Evaluation of peri-operative chemotherapy using a prognostic nomogram for survival after resection of colorectal liver metastases

HPB (Oxford). 2009 Nov;11(7):592-9. doi: 10.1111/j.1477-2574.2009.00106.x.

Abstract

Introduction: Nomograms are statistical tools designed to predict outcomes. This study evaluates the effects of peri-operative chemotherapy on the accuracy of a prognostic nomogram for disease-specific survival (DSS) after resection of colorectal liver metastases (CRLM) established at Memorial-Sloan Kettering Cancer Center (MSKCC).
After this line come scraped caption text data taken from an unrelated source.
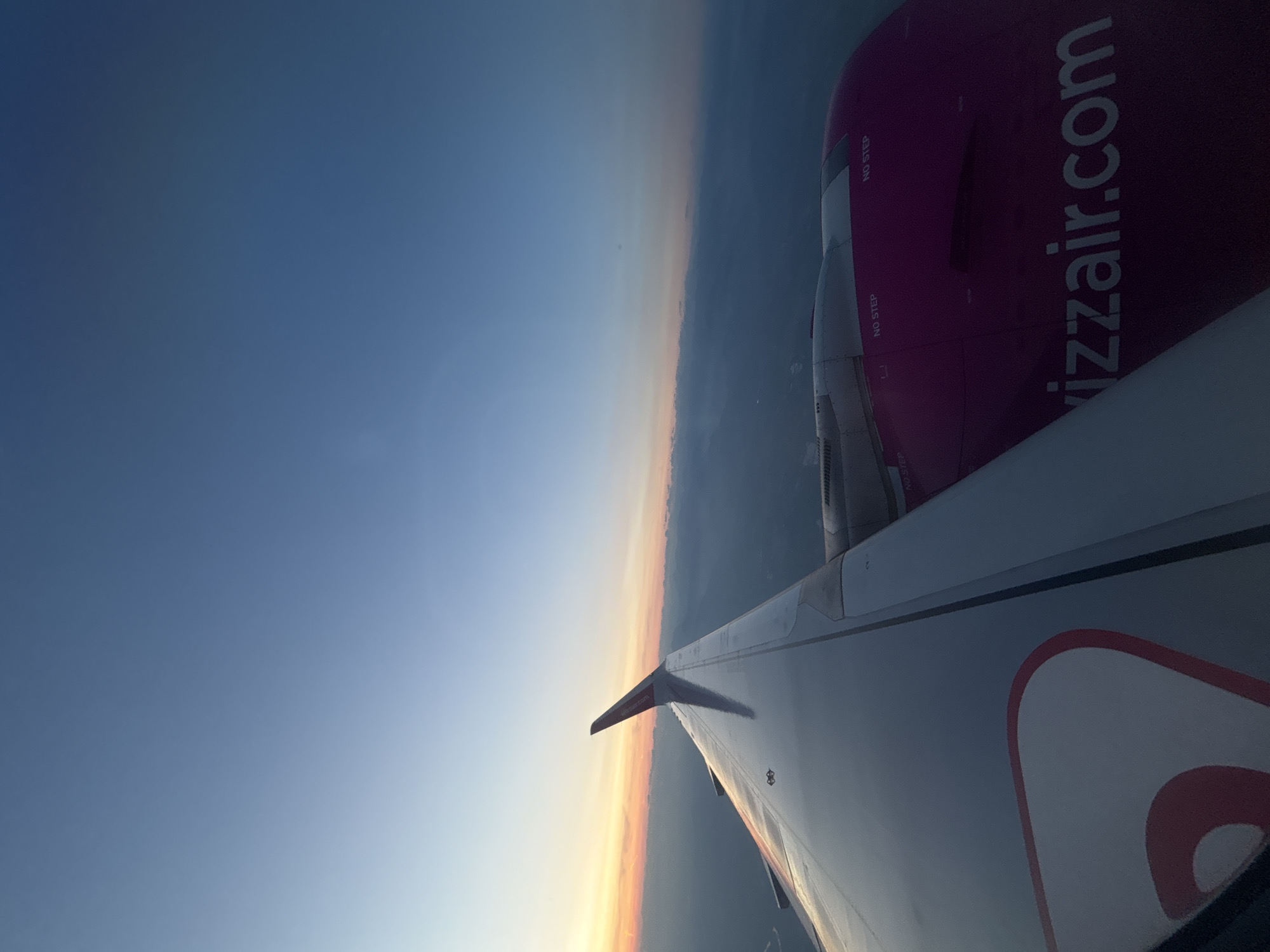 This is an aerial photograph of the wing and engine of a Wizz Air airplane, seen from a passenger's perspective during flight. The wing is predominantly silver with a red and white design on its surface, and it extends diagonally from the lower left corner towards the center of the frame. The engine, painted in a vibrant magenta color, is located towards the right side of the image and prominently displays "wizzair.com" in white lettering. Two "NO STEP" markings are visible on the engine.
The background consists of a twilight sky transitioning from a pale orange and yellow horizon, where the sun is likely setting or rising, to a deep blue overhead. Below the horizon, a layer of clouds or haze partially obscures the landscape, which appears to be rural or semi-urban. The image captures the vastness of the sky and the perspective of being high above the ground. There are no people visible in the image. The location in the city of Pagazzano, Italy is not discernible from the visual information provided in the photograph.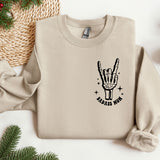 a sweater with a peace sign drawn on it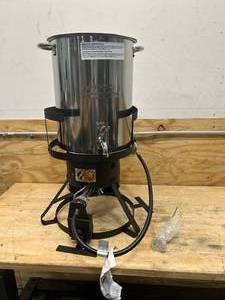 lot 84 image: BASS PRO SHOPS Stainless Steel Turkey Fryer with Spigot- 30 Quart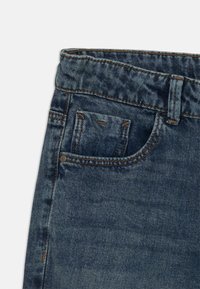 Denim jeans with a light blue wash, featuring a front pocket, belt loops, and contrasting stitching along the waistband and pockets.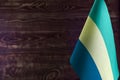 Fragment of the flag of the Gabonese Republic in the foreground space for text blurred background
Methods: An external cohort of 203 patients who underwent resection of CRLM between 1996 and 2006 was used to assess the nomogram.

Results: After median follow-up of 30.4 months (range 0.33-150), Kaplan-Meier (KM) estimates for 3-, 5- and 8-year post-resection DSS were 56%, 41%, and 32%, respectively; similar to nomogram-predicted probabilities for DSS. The concordance index for the nomogram was higher (0.602) than for the Fong colorectal risk score (CRS; 0.533). KM DSS was longer for patients (n= 50) treated with at least 6 months of peri-operative irinotecan or oxaliplatin compared with all other patients (median 66 vs. 40 months, P= 0.06). KM DSS was greater than nomogram predicted DSS for treated patients and less than nomogram predicted DSS for all other patients.

Conclusions: The CRLM nomogram was validated by an external cohort and more accurately predicted post-resection survival than the commonly used CRS. Differences in observed and nomogram-predicted survival may reflect the effect of treatment factors, such as peri-operative chemotherapy.